Insomma meglio chiamarsi per nome e rimandare a ciascuno la libertà di potersi calare in una, piuttosto che nell’altra categoria, o in entrambe, in base alle circostanze.
Giorno dopo giorno si gusta la piacevolezza di ritrovarsi e di iniziare a conoscere i/le nuovi/e arrivati/e attraverso la dimensione del gioco.
Il gioco che assume una moltitudine di sfaccettature, modalità prediletta con cui i bambini e le bambine scoprono il mondo circostante.
Chi l’avrebbe mai detto che un semplice bastone potesse fungere da mediatore efficace nella relazione? Che dire del fascino di una scoperta condivisa? La meraviglia non ha età, così come il piacere di indagare insieme ciò che genera stupore.

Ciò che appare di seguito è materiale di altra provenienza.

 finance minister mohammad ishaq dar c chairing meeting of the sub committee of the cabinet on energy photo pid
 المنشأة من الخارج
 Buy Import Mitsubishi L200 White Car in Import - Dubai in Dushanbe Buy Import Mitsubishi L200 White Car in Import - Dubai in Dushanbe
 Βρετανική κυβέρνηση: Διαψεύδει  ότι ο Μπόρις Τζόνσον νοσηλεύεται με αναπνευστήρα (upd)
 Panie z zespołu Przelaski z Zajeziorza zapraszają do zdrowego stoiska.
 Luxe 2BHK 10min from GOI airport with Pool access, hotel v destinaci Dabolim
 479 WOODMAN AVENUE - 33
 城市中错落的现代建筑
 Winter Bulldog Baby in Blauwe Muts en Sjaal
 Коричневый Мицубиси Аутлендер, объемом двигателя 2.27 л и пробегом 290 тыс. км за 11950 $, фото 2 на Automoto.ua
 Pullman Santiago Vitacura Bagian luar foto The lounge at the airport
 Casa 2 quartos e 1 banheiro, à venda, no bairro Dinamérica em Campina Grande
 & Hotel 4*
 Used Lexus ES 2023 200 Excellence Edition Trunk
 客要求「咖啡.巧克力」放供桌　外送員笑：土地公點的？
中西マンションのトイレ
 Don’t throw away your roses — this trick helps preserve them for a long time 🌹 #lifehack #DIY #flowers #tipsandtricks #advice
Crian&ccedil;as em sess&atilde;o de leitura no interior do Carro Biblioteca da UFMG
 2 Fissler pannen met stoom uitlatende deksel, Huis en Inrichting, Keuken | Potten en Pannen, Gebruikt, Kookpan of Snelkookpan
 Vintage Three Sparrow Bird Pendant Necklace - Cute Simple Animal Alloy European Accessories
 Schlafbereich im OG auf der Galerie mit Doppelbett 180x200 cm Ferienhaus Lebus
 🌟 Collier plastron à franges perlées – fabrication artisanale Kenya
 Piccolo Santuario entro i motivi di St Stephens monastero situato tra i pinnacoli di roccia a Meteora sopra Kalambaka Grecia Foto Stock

C’ è da vivere anche il piacere di essere aiutati o di mostrare un’abilità a chi si valuta essere titubante. Dietro alla scelta di chiedere: “ti aiuto?” c’e’ un riconoscimento delle proprie competenze ed il desiderio di metterle a disposizione degli altri.
Si creano inoltre situazioni in cui ci si ritrova semplicemente a condividere uno spazio, piuttosto che un gioco ritenuto interessante. Uno sguardo o prolungati silenzi ci raccontano comunque di una relazione. Scegliere di assumere un ruolo attivo e dinamico piuttosto che soffermarsi ad osservare fa parte delle specificità di ciascuno. Tale prerogativa va colta nel qui ed ora, perché con il trascorrere del tempo avrà modo di intrecciarsi con altre modalità di stare nella relazione.